# Cast iron and eggs



## doingitmyself (Jul 30, 2013)

This morning i cooked sausage links and eggs in my most excellent 12" cast iron skillet. I have cooked bacon many, many times and never had a lick of trouble. But this morning after i cooked the links i pushed them over to the edges and cracked my eggs into the middle of the skillet just as i have done for years, an then they stuck to the pan!!! I was able to get em off and enjoy my breakfast but but there certainly was a crusty layer of brown grunge in my perfectly seasoned 80 year old pan !!! Should i have added grease? I thought the fat from the links would be enough, like i said bacon had never been an issue.

After i plated my eggs and links I added a bit of water and let it sit for a few minutes and the grunge came off easily enough but what happened? I was thinking some of the casing on the links perhaps stuck? I rarely do links ever but just wanted something different for a change so i picked em up.

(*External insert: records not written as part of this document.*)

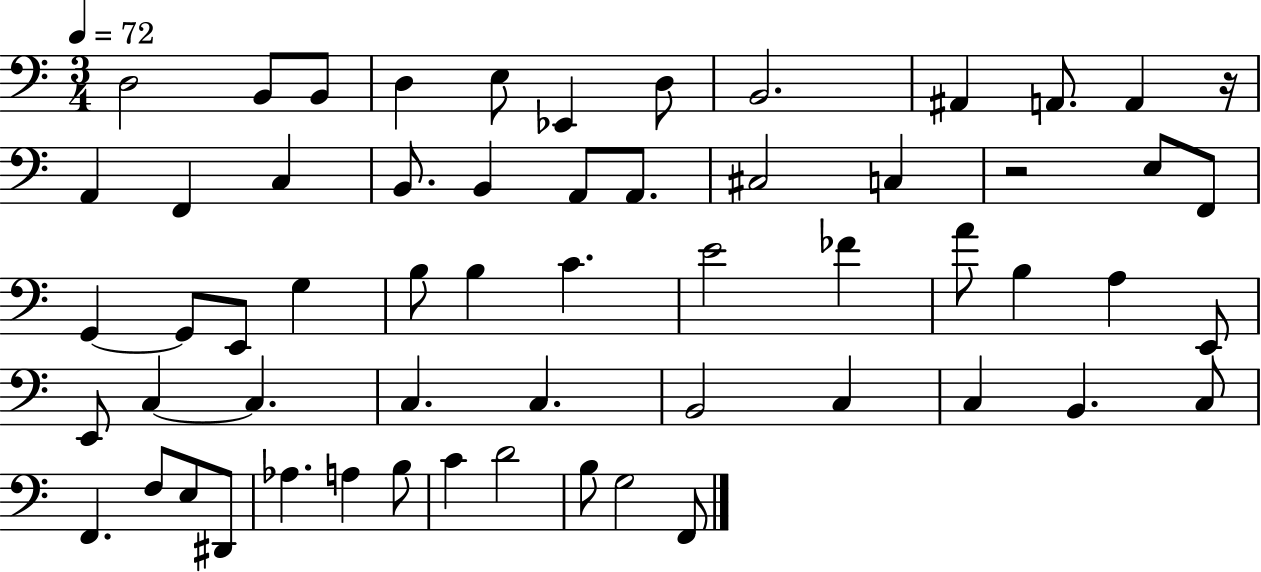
X:1
T:Untitled
M:3/4
L:1/4
K:C
D,2 B,,/2 B,,/2 D, E,/2 _E,, D,/2 B,,2 ^A,, A,,/2 A,, z/4 A,, F,, C, B,,/2 B,, A,,/2 A,,/2 ^C,2 C, z2 E,/2 F,,/2 G,, G,,/2 E,,/2 G, B,/2 B, C E2 _F A/2 B, A, E,,/2 E,,/2 C, C, C, C, B,,2 C, C, B,, C,/2 F,, F,/2 E,/2 ^D,,/2 _A, A, B,/2 C D2 B,/2 G,2 F,,/2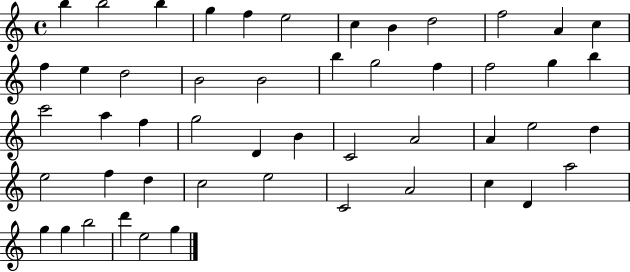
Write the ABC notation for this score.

X:1
T:Untitled
M:4/4
L:1/4
K:C
b b2 b g f e2 c B d2 f2 A c f e d2 B2 B2 b g2 f f2 g b c'2 a f g2 D B C2 A2 A e2 d e2 f d c2 e2 C2 A2 c D a2 g g b2 d' e2 g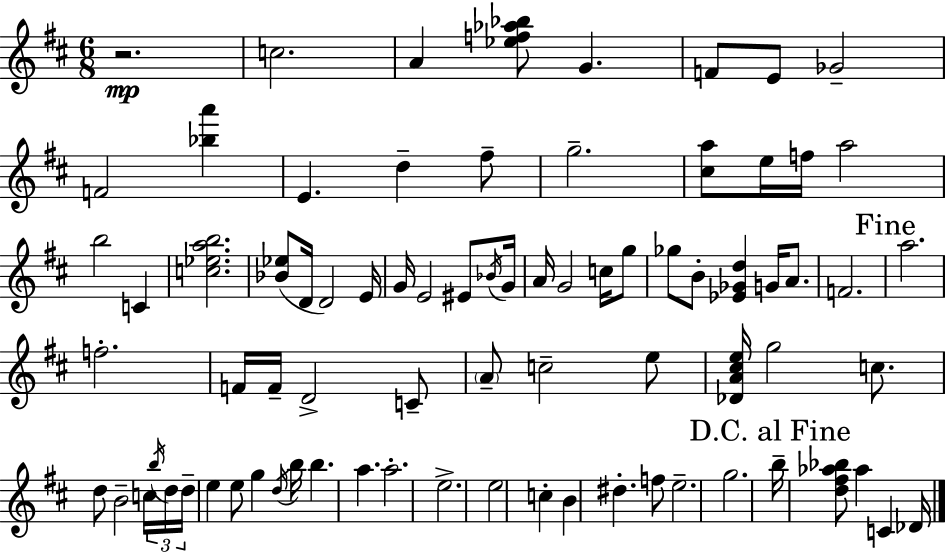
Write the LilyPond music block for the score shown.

{
  \clef treble
  \numericTimeSignature
  \time 6/8
  \key d \major
  \repeat volta 2 { r2.\mp | c''2. | a'4 <ees'' f'' aes'' bes''>8 g'4. | f'8 e'8 ges'2-- | \break f'2 <bes'' a'''>4 | e'4. d''4-- fis''8-- | g''2.-- | <cis'' a''>8 e''16 f''16 a''2 | \break b''2 c'4 | <c'' ees'' a'' b''>2. | <bes' ees''>8( d'16 d'2) e'16 | g'16 e'2 eis'8 \acciaccatura { bes'16 } | \break g'16 a'16 g'2 c''16 g''8 | ges''8 b'8-. <ees' ges' d''>4 g'16 a'8. | f'2. | \mark "Fine" a''2. | \break f''2.-. | f'16 f'16-- d'2-> c'8-- | \parenthesize a'8-- c''2-- e''8 | <des' a' cis'' e''>16 g''2 c''8. | \break d''8 b'2-- c''16 | \tuplet 3/2 { \acciaccatura { b''16 } d''16 d''16-- } e''4 e''8 g''4 | \acciaccatura { d''16 } b''16 b''4. a''4. | a''2.-. | \break e''2.-> | e''2 c''4-. | b'4 dis''4.-. | f''8 e''2.-- | \break g''2. | \mark "D.C. al Fine" b''16-- <d'' fis'' aes'' bes''>8 aes''4 c'4 | des'16 } \bar "|."
}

If links do this i will just stick to patty's! Any thoughts!!!


----------



## TenBusyBees (Jun 15, 2011)

I don't have good luck using (store bought) sausage grease for eggs either. I suspect sugar is the culprit.

My eggs do fine with my homemade sausage....I don't use sugar.


----------



## arnie (Apr 26, 2012)

I think sugar is the scret ingredient in lots of sausage an ham. I used a seasoning mix and grilled onions on some burgers and the sugar in there made for some extra work in cleaning my pan . live n learn I suppose ,


----------



## mrs whodunit (Feb 3, 2012)

Store bought sausage links have terrible sticky grease.... I agree with Arnie must be sugar.


----------



## Melesine (Jan 17, 2012)

Add me to the list of those saying that they think it's the sugar in the sausage. I don't have that issue when using my homemade sausage, which doesn't have any sugar but store bought I do and always use a separate pan for eggs when using store bought sausage.


----------



## doingitmyself (Jul 30, 2013)

It must have been the sugar in the store bought links. I have done my eggs many times, usually with bacon and never an issue.


----------



## earthymomma (May 13, 2014)

Good to know!! I just re seasoned an old cast iron skillet I got at a flea market for $2, it's been wonderful until I went to make eggs after sausage the other night! Now I know why ;-) lol


----------